A collection of relevant and timely media clips and resources.
Posted on March 12, 2010
The BATFE recently released U.S. firearm manufacturer production data showing that during 2008, AR-15s accounted for eight percent of all firearms and 22 percent of all rifles made in the U.S. and not exported. The number of AR-15s in 2008 -- over 337,000 -- is staggering, but may have been topped in 2009. And, at the current rate of production, the total number of AR-15s in the U.S. will exceed 2.5 million some time this year, and that doesn't even count production before 1986, the figures for which are not available.
In other words, the AR-15 market has collapsed, because no one wants AR-15s. At least, that's what Josh Sugarmann, of the Violence Policy Center, wrote last week on the Huffington Post blog, where the fringe gathers to commiserate about everything it thinks is wrong with America. Sugarmann's evidence consists of the fact that KBI has discontinued its Charles Daly brand AR-15 line.

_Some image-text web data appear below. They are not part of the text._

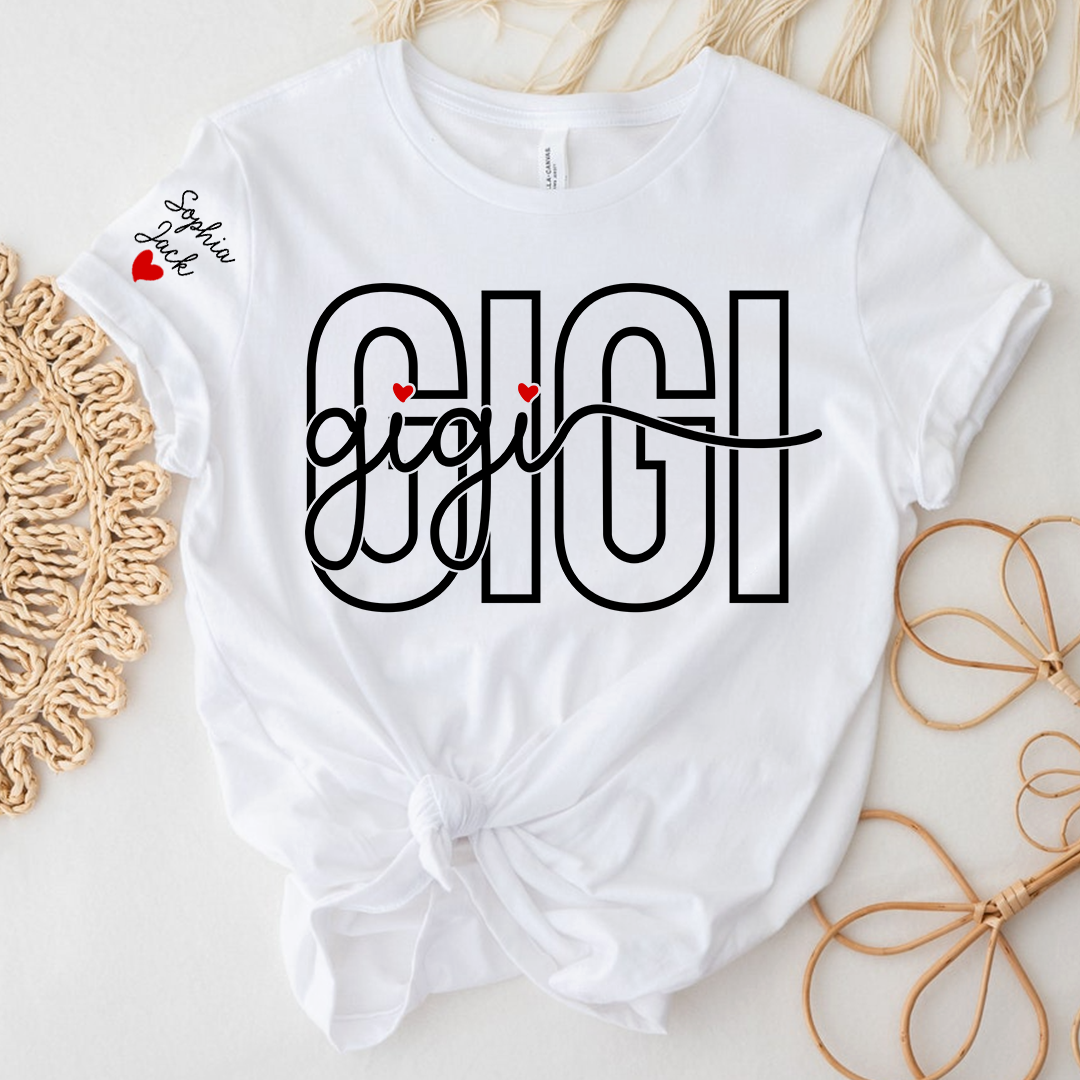 Custom Gigi Shirt for Women, Personalized Grandkids Names Tee, Grandma Family Shirt, Heart Name Graphic Gift for Gigi Lovers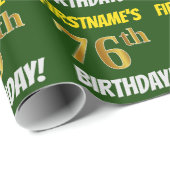 Groen, Faux/Imitation Gold, "76th BIRTHDAY" Cadeaupapier (Rol Hoek)
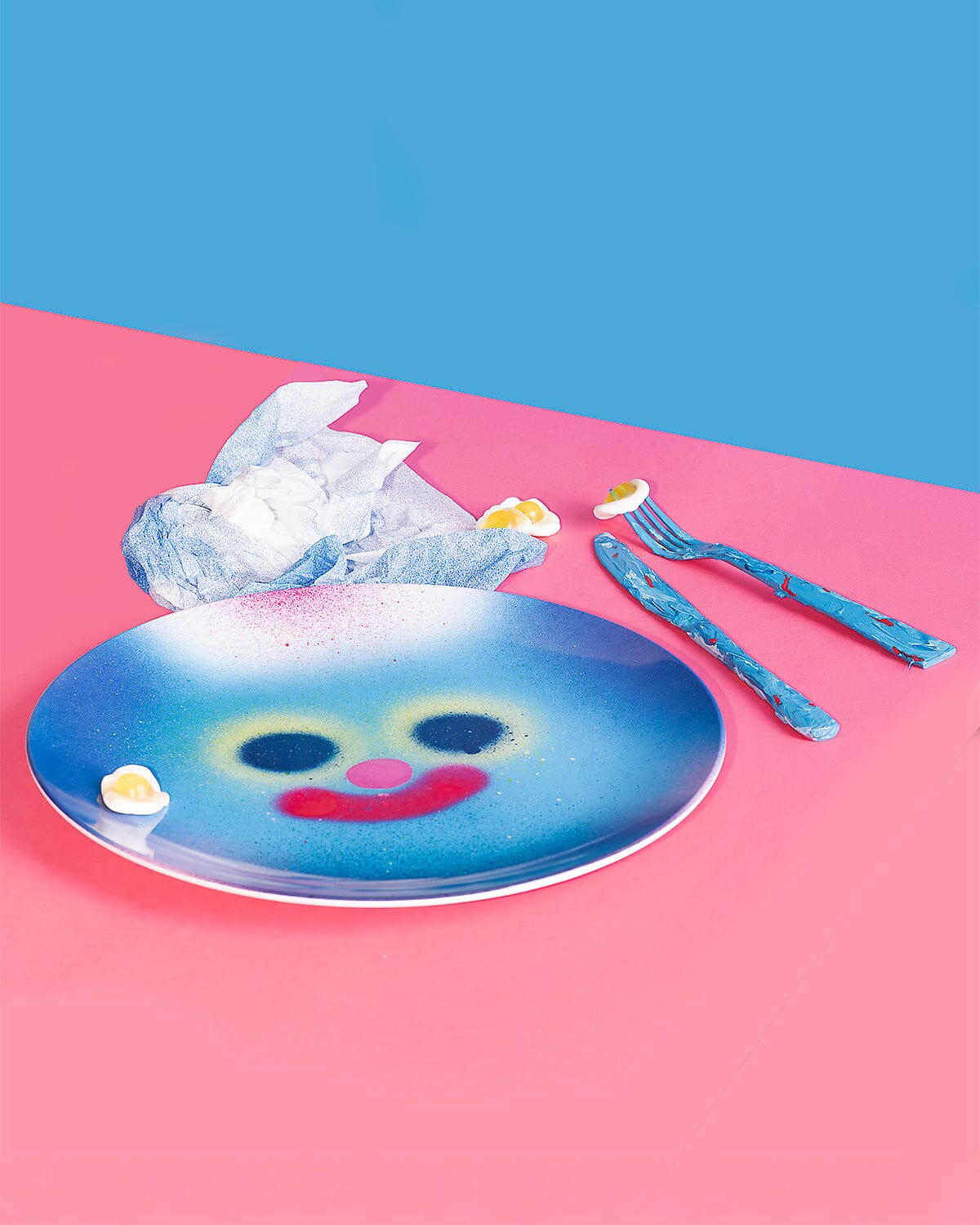 Blue Melamine Plate x Jon Burgerman - Third Drawer Down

We're not sure what's happening on Sugarmann's planet, but on the American portion of Earth the numbers of AR-15 manufacturers and the AR-15s they produce are at all-time highs. AR-15s have been popular for decades and that popularity is growing in leaps and bounds for a variety of reasons. Innovations relating to defensive rifle use now center on AR-15 carbines. Bar none, the AR-15 in its various configurations is the leading marksmanship training and competition rifle in the country, and there are more kinds of training and competition opportunities built around the AR-15 than ever before. And the advent of new cartridges that fit the AR-15 platform, and which are legal for hunting deer-sized game in most states, are rapidly making the AR-15 one of the most popular hunting rifles in the country.
What's really losing popularity in America are the habitual rants and ruses of groups like VPC, as demonstrated by the fact that Sugarmann and his counterpart at the Brady Campaign, Paul Helmke, can't get their names into newspapers unless they perform a publicity stunt, and sometimes even the stunts don't work. Maybe if Josh, Paul, and a couple of their co-workers buy some National Match ARs, they could enter a team Service Rifle competition at this summer's NRA National Rifle Championships.
We can hear it now. "Team Malcontent, take your positions on the firing line!"